Morris Manning & Martin, LLP

Georgia Court of Appeals Chips Away at Use of Onerous Holt Demands


The Georgia Court of Appeals recently issued an opinion limiting the use of "onerous" time-limited policy limits demands. In Anderson v. Jones,1 the Court held that an insurer must have at least 30 days to respond to such a demand, including conditions of acceptance. That ruling is an important victory for insurers and a blow to plaintiffs' lawyers.

In Georgia, time-limited policy limits demands – often called "Holt" demands2 – regarding bodily injury claims arising from auto accidents are governed by O.C.G.A. § 9-11-67.1, enacted in 2021. Critically, such Holt demands must include 30 days for the insurer to respond. Prior to the enactment of the statute, plaintiffs' lawyers often attempted to orchestrate bad faith claims against insurers by serving "onerous" demands designed to be difficult to accept, riddled with confusing, complicated terms and conditions, or with conditions of acceptance that were difficult to meet. That way, even where an insurer attempted to accept the demand, plaintiffs' counsel would argue the demand had been rejected or that the insurer's "acceptance" was in fact a "counteroffer," allowing the plaintiff to proceed to litigation and, eventually, for a bad faith claim to potentially open the governing policy's limits.

However, at least some respite has arrived for insurers in the Court of Appeals' construction of O.C.G.A. § 9-11-67.1. In Anderson, Marilyn Jones was injured in an auto accident with Marc Anderson—who was driving while intoxicated—and Jones then made a time-limited offer of settlement to Anderson's insurance carrier. One of the conditions of acceptance required that the insurance carrier provide a declarations page within three days of the demand being made. Within 30 days of receiving the offer, the carrier later sent a letter accepting Jones' demand. But, Jones argued that Anderson rejected her offer because the declarations page had not been sent within three days, and Jones brought suit. The insurer filed a motion to enforce the settlement.
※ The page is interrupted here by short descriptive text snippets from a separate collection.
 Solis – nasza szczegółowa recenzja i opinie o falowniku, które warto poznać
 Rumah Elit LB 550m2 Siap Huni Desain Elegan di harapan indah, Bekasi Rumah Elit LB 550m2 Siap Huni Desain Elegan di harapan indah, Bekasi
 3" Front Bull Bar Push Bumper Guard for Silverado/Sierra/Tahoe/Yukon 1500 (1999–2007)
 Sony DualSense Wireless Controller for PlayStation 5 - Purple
The Georgia Court of Appeals found that under the plain language of O.C.G.A. § 9-11-67.1(a), the minimum amount of time which an offeror may demand acceptance is 30 days and that this time period applies to "any other condition of acceptance." Thus, Jones' three-day deadline was held unenforceable.
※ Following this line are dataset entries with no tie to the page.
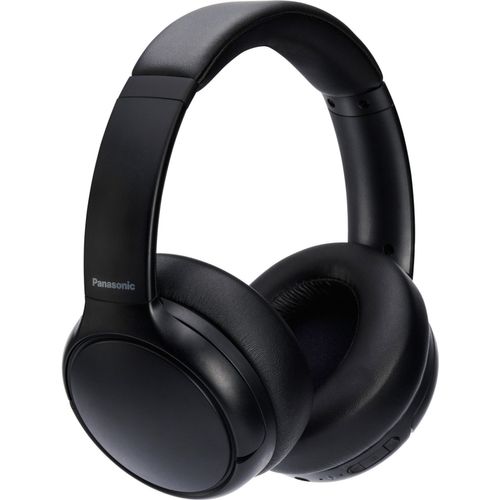 Casque Bluetooth Sans Fil Circum-aural Noir - Rbm600bek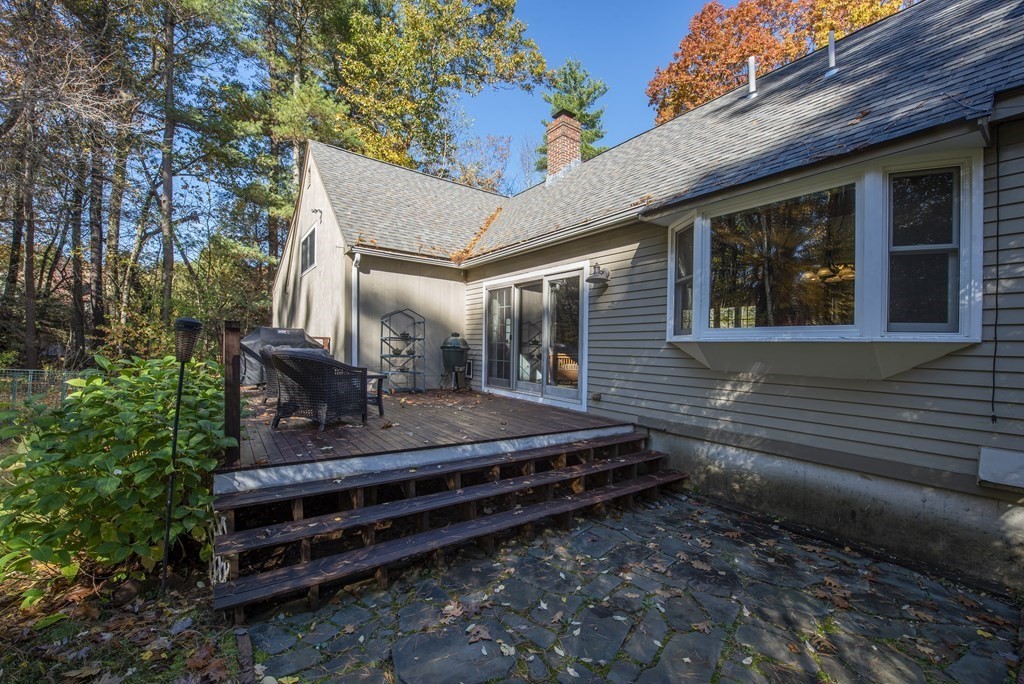 378 Ipswich Road Boxford, MA 01921 - Photo 30 of 35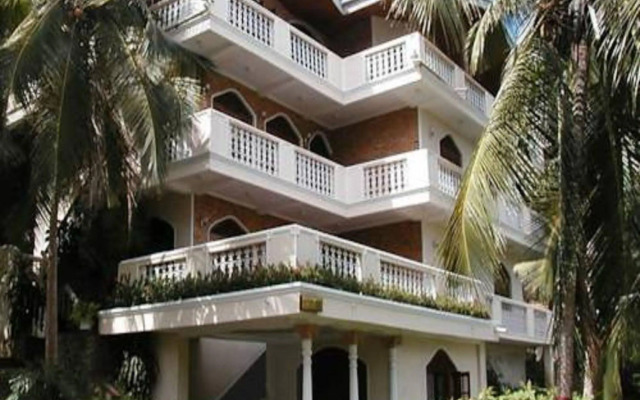 Sandaya's Place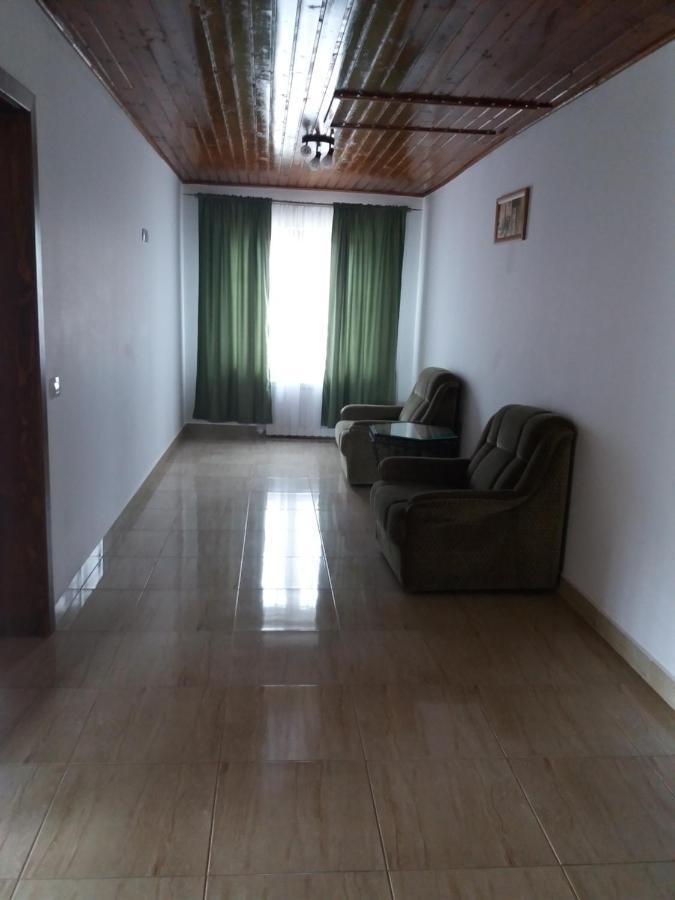 Vila Aloman Sebes  Ngoại thất bức ảnh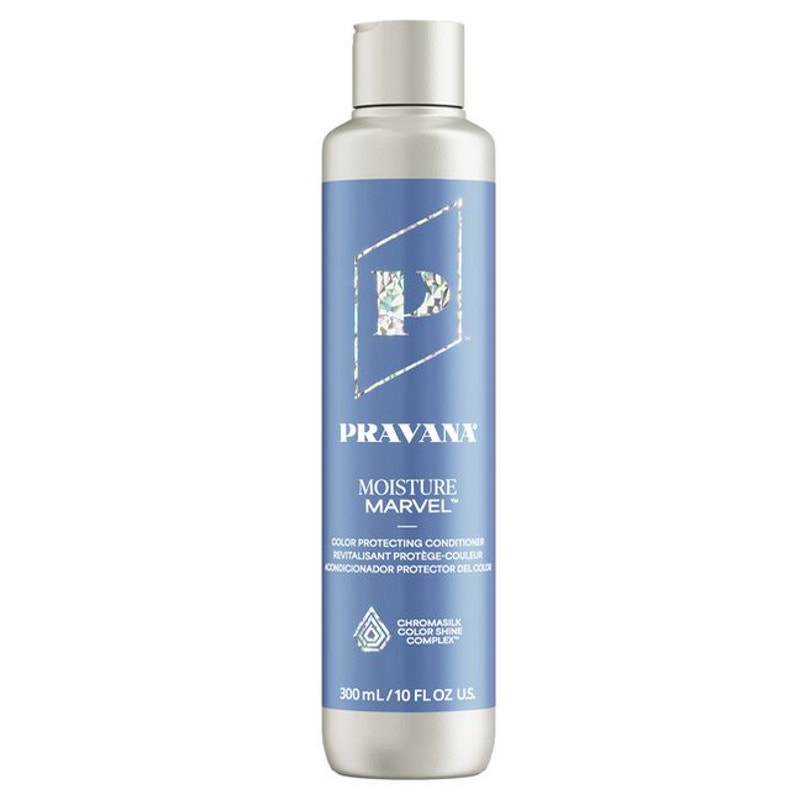 Pravana Moisture Marvel Shampoo & Conditioner 10 fl.oz Duo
The Court's ruling in Anderson should prevent plaintiffs' lawyers from including any conditions of acceptance that must be performed prior to the 30-day deadline for acceptance of the demand, at least for bodily injury claims arising out of the use of a car. This is a significant victory for insurers because it reduces the tools available to plaintiffs' lawyers to fabricate bad faith claims via onerous Holt demands.

If you would like to speak to an attorney about a Holt demand, a bad faith claim, or other matter, or if you have questions about the content of this update, please contact Seslee Smith, Ryan Burke, or a member of our Litigation group.

[1] Anderson v. Jones, A22A0812, 2022 WL 4690565, -- S.E.2d – (2022).

[2] The name stems from Southern General Ins. Co. v. Holt, 262 Ga. 267, 416 S.E.2d 274 (1992).